First off, let me state that as a graduate of the school filled with scary conservatives- we had nothing on Wheaton. Talk about theocrats in expensive clothes, and the whitest of the white bread.

But kicking lesser schools aside, let me also say that this article is yet another coin in the purse we're holding, a coin bought in sweet, sweet fear. Every time I read another "serious" thinker telling people that the Blogosphere is a scary, dangerous place is another time I'm convinced that we're on to something out here, and that we're winning.

I feel really sorry for such a gentle, genteel, esteemed professor- I hope his feelings didn't get hurt too badly. sound of the world's smallest violin playing a very sad song After all those years in the classroom, where I'm sure you let your students interact in the fullest and most respectful manner as you instructed them, it must be tough to come out into the world of the unwashed masses, and hear the F-word so frequently. Your poor ears!

But forget sarcasm, and let's talk about his one valid point: the kind of discourse found on many right wing sites (for surely he's reading a lot of them and fewer left wing ones given the overall tone of his piece) really is filled with violent rhetoric, hate laden invective, and frequently direct threats. That is, when they allow comments. There is a great deal of anger out there, and one important element to the blogosphere is that it allows people of all stripes to express it.

I have to laugh at how cowardly many of our "intellectual" and civic leadership are proving to be, running away as they do at the first sign of profanity. This guy should give Joe a call.

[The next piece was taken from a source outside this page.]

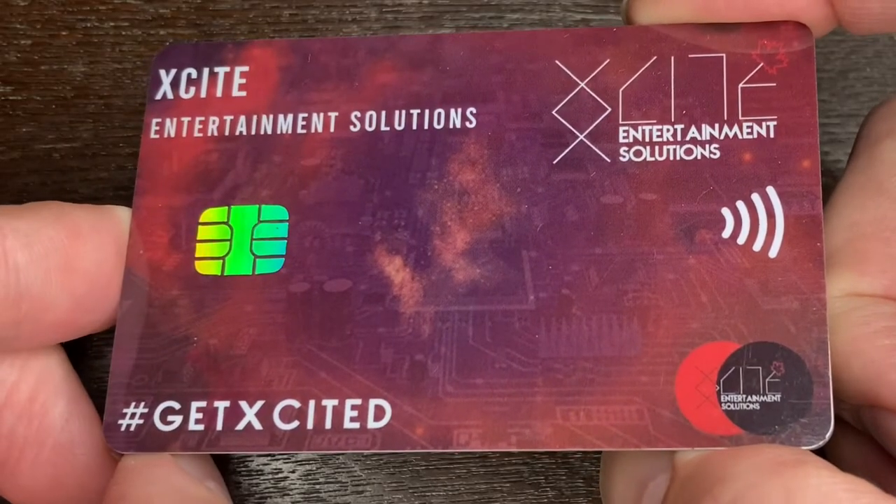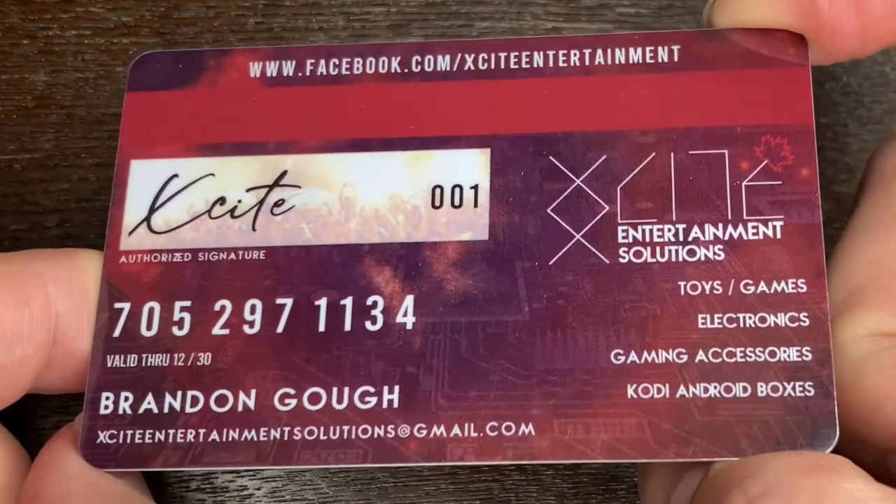If you're local where I am, you can find these through Excite Entertainment. Otherwise, I'll have links in the description below where you can find them online. Hope you enjoyed today's little look at these. If you did, please consider liking, subscribing, and leaving a comment for me as it always helps grow my channel. Until I see you guys again soon, please take care. Be good to each other. Bye now.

Smart people don't waste a lot of time getting angry about the fact that many lazy minds like to use curse words, rather than wax pedantic about the obvious elements of psuedofascism or rising theocracy or the tanking economy. But it is the nature of the blogosphere to be more direct, shorter in argument and elucidation, and more immediate and confrontational. Some of us aren't afraid of that at all.

It's a fallacy to think that the human mind must somehow be in Highbrow Theoretical Critical mode all the time, in order to be right. Further, it seems to me that the Blogosphere is hardly responsible for the dumbing down of the American public mind: decades of television have done that just fine, combined with crumbling standards and practice in public education. In fact, I'm losing more respect for the good professor with every passsing second: he has the brains to see the parallels of our age and past ages of civil wars and upheaval, and his response is to...run away back to his faculty offices and cocktail parties? Yeah, because that's where the leadership came from in every successful movement of social change- from behind. Not.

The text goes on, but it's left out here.